Aim of the task
Nothing but the lines from the one containing "3 month follow-up" to the end of the material should be returned, each exactly as written.

Source records
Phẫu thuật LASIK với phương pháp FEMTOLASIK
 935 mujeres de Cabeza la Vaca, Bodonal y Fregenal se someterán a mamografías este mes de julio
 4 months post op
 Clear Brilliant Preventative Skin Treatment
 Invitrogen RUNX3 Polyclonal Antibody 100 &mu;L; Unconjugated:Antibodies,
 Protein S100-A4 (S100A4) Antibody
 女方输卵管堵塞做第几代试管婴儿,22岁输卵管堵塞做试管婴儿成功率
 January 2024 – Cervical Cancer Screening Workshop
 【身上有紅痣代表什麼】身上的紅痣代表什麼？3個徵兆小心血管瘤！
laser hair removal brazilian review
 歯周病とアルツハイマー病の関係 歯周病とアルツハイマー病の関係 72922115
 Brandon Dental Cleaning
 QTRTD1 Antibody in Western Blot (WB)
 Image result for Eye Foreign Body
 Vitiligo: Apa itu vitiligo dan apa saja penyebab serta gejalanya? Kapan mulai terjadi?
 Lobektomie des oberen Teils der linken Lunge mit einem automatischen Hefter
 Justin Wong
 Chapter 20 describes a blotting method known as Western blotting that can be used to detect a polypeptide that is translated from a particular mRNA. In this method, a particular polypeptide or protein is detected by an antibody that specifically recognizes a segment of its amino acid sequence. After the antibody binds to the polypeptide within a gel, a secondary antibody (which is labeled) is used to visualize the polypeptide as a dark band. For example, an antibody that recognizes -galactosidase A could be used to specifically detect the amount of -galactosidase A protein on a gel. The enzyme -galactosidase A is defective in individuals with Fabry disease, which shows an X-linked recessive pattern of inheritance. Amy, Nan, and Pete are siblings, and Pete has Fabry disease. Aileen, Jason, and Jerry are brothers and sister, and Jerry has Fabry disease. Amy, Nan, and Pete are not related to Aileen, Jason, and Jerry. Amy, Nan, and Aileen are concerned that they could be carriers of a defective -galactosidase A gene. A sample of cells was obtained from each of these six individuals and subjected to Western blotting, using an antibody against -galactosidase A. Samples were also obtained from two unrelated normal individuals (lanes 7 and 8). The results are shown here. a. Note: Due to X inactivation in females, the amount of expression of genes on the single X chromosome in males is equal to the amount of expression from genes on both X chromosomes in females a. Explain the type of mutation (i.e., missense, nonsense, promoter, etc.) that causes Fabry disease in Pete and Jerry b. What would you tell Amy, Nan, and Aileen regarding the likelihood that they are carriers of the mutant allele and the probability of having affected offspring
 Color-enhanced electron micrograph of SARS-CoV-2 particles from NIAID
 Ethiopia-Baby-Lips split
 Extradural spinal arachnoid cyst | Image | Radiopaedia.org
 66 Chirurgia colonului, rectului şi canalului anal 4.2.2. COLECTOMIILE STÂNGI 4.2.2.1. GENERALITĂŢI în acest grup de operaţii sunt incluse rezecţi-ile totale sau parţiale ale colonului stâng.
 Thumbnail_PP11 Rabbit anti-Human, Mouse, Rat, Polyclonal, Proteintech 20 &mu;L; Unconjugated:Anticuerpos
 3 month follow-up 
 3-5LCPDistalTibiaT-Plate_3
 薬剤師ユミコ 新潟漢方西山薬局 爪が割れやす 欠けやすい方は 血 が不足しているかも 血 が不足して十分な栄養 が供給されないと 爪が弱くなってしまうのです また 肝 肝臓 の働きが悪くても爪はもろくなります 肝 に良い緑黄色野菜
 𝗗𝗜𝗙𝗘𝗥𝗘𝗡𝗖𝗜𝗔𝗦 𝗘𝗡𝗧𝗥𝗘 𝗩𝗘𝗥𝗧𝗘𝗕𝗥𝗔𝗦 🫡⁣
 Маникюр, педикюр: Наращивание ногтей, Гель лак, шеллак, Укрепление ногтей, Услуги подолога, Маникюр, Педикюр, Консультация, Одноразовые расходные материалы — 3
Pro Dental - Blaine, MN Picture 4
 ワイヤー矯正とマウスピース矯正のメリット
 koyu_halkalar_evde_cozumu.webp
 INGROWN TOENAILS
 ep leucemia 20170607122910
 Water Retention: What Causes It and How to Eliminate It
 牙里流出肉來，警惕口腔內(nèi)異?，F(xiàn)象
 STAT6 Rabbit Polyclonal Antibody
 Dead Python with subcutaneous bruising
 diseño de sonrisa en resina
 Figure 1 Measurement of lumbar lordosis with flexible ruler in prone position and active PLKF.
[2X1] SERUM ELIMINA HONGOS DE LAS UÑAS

Task result
 3 month follow-up 
 3-5LCPDistalTibiaT-Plate_3
 薬剤師ユミコ 新潟漢方西山薬局 爪が割れやす 欠けやすい方は 血 が不足しているかも 血 が不足して十分な栄養 が供給されないと 爪が弱くなってしまうのです また 肝 肝臓 の働きが悪くても爪はもろくなります 肝 に良い緑黄色野菜
 𝗗𝗜𝗙𝗘𝗥𝗘𝗡𝗖𝗜𝗔𝗦 𝗘𝗡𝗧𝗥𝗘 𝗩𝗘𝗥𝗧𝗘𝗕𝗥𝗔𝗦 🫡⁣
 Маникюр, педикюр: Наращивание ногтей, Гель лак, шеллак, Укрепление ногтей, Услуги подолога, Маникюр, Педикюр, Консультация, Одноразовые расходные материалы — 3
Pro Dental - Blaine, MN Picture 4
 ワイヤー矯正とマウスピース矯正のメリット
 koyu_halkalar_evde_cozumu.webp
 INGROWN TOENAILS
 ep leucemia 20170607122910
 Water Retention: What Causes It and How to Eliminate It
 牙里流出肉來，警惕口腔內(nèi)異?，F(xiàn)象
 STAT6 Rabbit Polyclonal Antibody
 Dead Python with subcutaneous bruising
 diseño de sonrisa en resina
 Figure 1 Measurement of lumbar lordosis with flexible ruler in prone position and active PLKF.
[2X1] SERUM ELIMINA HONGOS DE LAS UÑAS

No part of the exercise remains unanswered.